When you begin studying something complex, like modern deep learning framework, it is usually a good idea to begin with as simple example as possible, play with it, understand it well, and only then proceed to advanced stuff. So when a friend of mine who just started her first deep learning course approached me with questions about the basics of neural networks, I decided to show her a very simple example in PyTorch. I believed I can quickly find something relevant on the Web, but it appears that most of the tutorials, even beginner-level, start with MNIST, ConvNets, some specific PyTorch stuff like DataLoaders, etc. And I wanted something really-really simple. So, I wrote my own.

This post is available as jupyter notebook. You can open it in Google Colab to edit and run the code.

Install PyTorch

That’s easy.

%pip install -U torch
Requirement already satisfied: torch in /Users/user/miniconda3/envs/py3.10/lib/python3.10/site-packages (1.12.0)
Requirement already satisfied: typing-extensions in /Users/user/miniconda3/envs/py3.10/lib/python3.10/site-packages (from torch) (4.0.0)
Note: you may need to restart the kernel to use updated packages.

Do some imports

import torch
import torch.nn as nn
import numpy as np
import matplotlib.pyplot as plt
from matplotlib_inline import backend_inline

torch.manual_seed(2)
np.random.seed(2)

%matplotlib inline
backend_inline.set_matplotlib_formats('svg')

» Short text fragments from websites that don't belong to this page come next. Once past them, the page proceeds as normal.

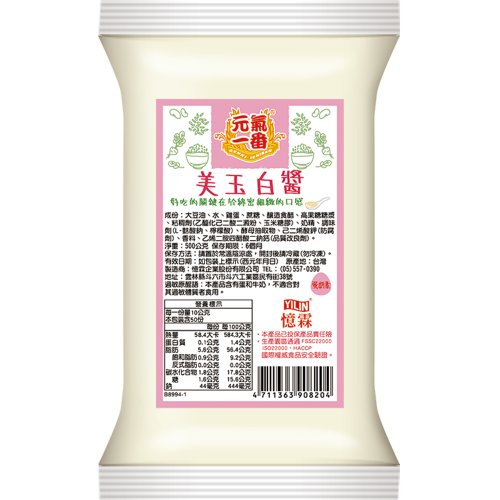 美玉白醬 500g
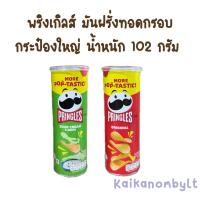 ราคา พริงเกิลส์ มันฝรั่งทอดกรอบ 102 กรัม (42576525423)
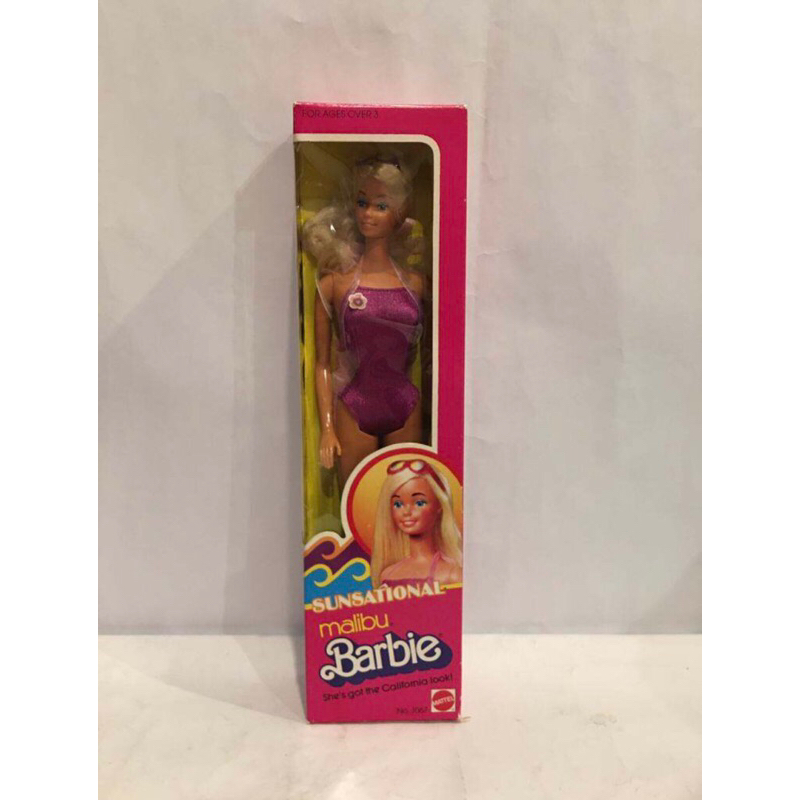 Sunsational Malibu Barbie (1981) Super Rare Vintage Shopee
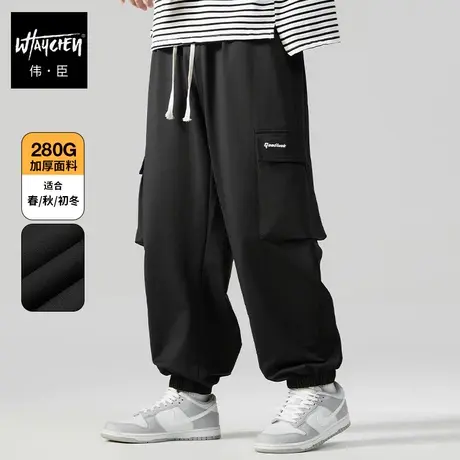 伟臣秋冬新品男式大码休闲裤胖子加肥加大工装裤肥佬宽松运动卫裤商品大图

Together with torch, we need numpy to work with arrays and matplotlib.pyplot to draw figures. I set random seeds to make everything reproducible. Magic command %matplotlib inline turns on inline mode: all the figures will be plotted inside of the notebook. I wanna nice SVG figures, so turn on it as a preferred format.

Build neural network

Let’s consider a very simple neural network.

def make_network(n_hidden):
    network = nn.Sequential(nn.Linear(1, n_hidden), 
                          nn.ReLU(), 
                          nn.Linear(n_hidden, 1))
    return network

Here we have a function that builds a network with given number of hidden layers (n_hidden). How is it constructed?

  • nn.Sequential constructs a neural network as a sequence of layers, each layer performs transformation of the data, output of each layer is feeded to the input of the next layer.
  • nn.Linear(1, n_hidden) is a linear (also known as Dense) layer with input dimension 1 and output dimension n_hidden.
  • nn.ReLU() is just a ReLU activation function, applied elementwise. It does not change the dimension of the vector. Recall that $\mathop{\mathrm{ReLU}}(x)=\mathop{\mathrm{max}} (x, 0)$.
  • nn.Linear(n_hidden, 1) is the second linear layer, this time input dimension is n_hidden and output dimension is 1.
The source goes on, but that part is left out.